Consider the 44-40 Winchester, the original centerfire big bore. Yes, the .427-inch bullet diameter is what most consider a “big bore,” but at 1,190 fps and 629 f-p of muzzle energy, hardly what most of us expect. The more modern 44 Rem. Mag. revolver cartridge betters that, nudging a 240-gr .430” bullet 1,600 fps for 1,507 f-p. Those numbers aren’t all that impressive, either. Big bores are supposed to be powerful and hard hitting like the famous old 45-70 Govt. Now there’s some bear stopping potential…
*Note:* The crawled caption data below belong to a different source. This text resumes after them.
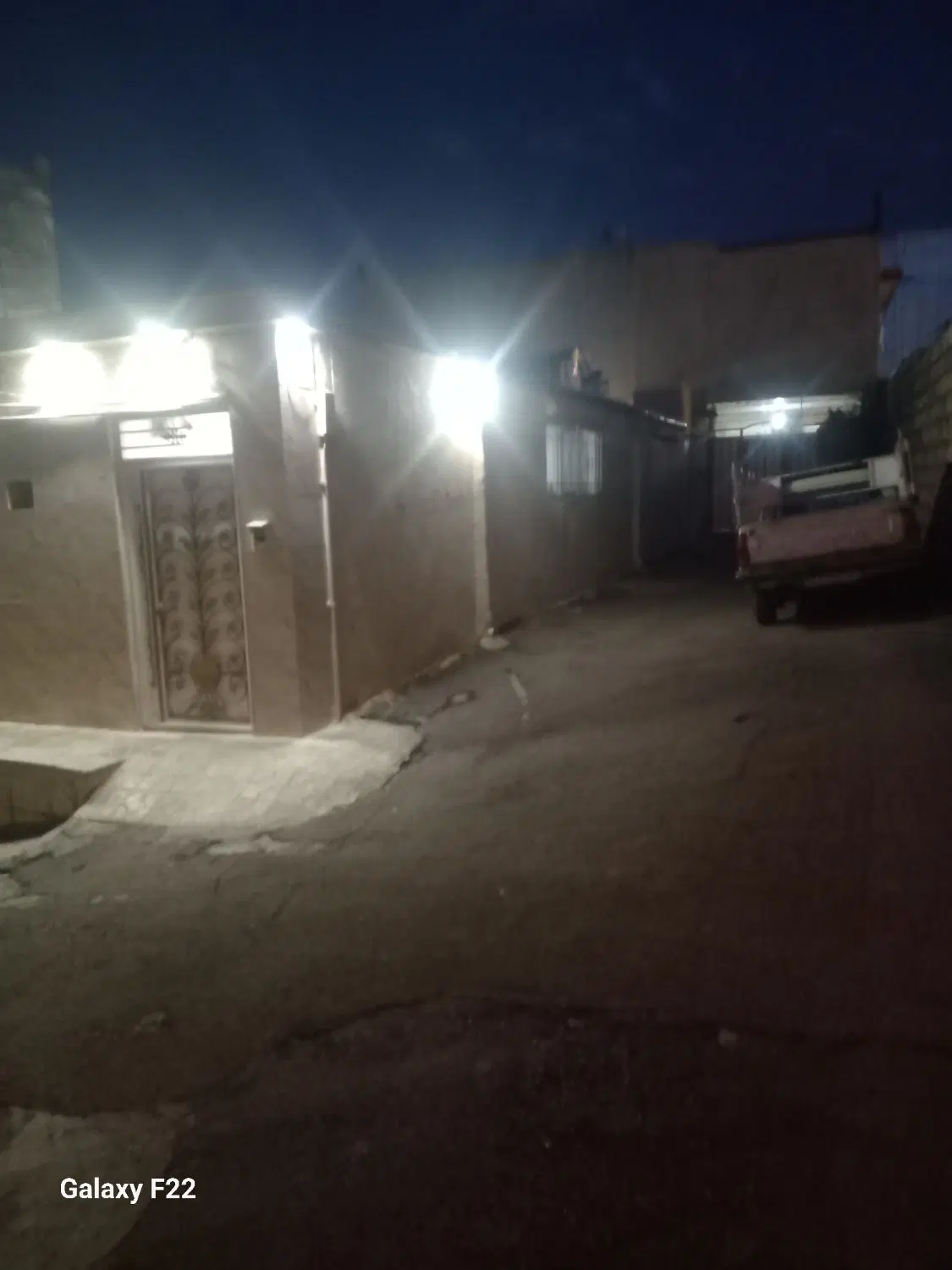 خانه حسین آبادجهاددهم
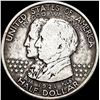1921 Silver Half Dollar Alabama Centennial NICELY CIRCULATED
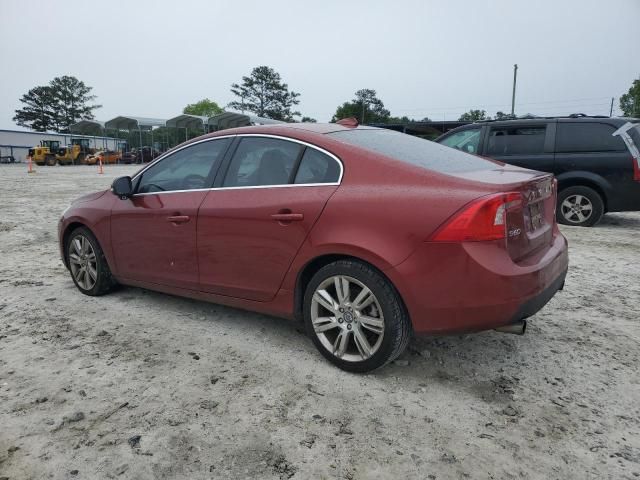 2013 Volvo S60 T5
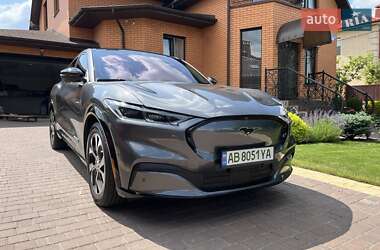 Внедорожник / Кроссовер Ford Mustang Mach-E 2023 в 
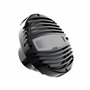 Hertz HMX 6.5-TC – Haut-parleurs coaxiaux pour Bateau 2 Voies 165mm 150W Peak Power Total Black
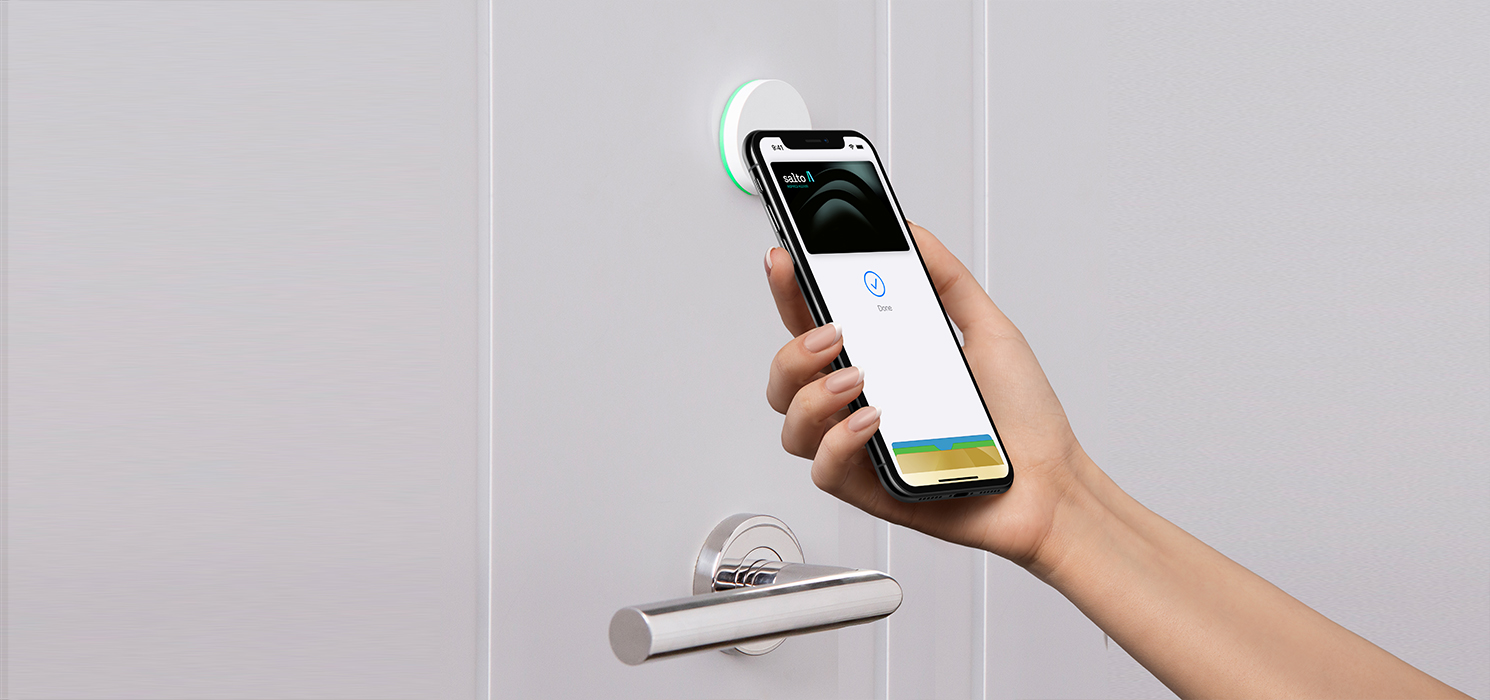 Salto partners with Alliants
Uh, sorta kinda? Our 1873 war horse at factory-loaded pressures spits a 300-gr. flat nose 1,880 fps on a good day. That’s enough to cough up 2,355 f-p muzzle energy. Sound like a sledge hammer? A 180-gr. from a common 30-06 puts out 3,023 f-p. It’s sectional density is appreciably higher than the 300-gr. .458 slug, too. SD of .271 vs. .204.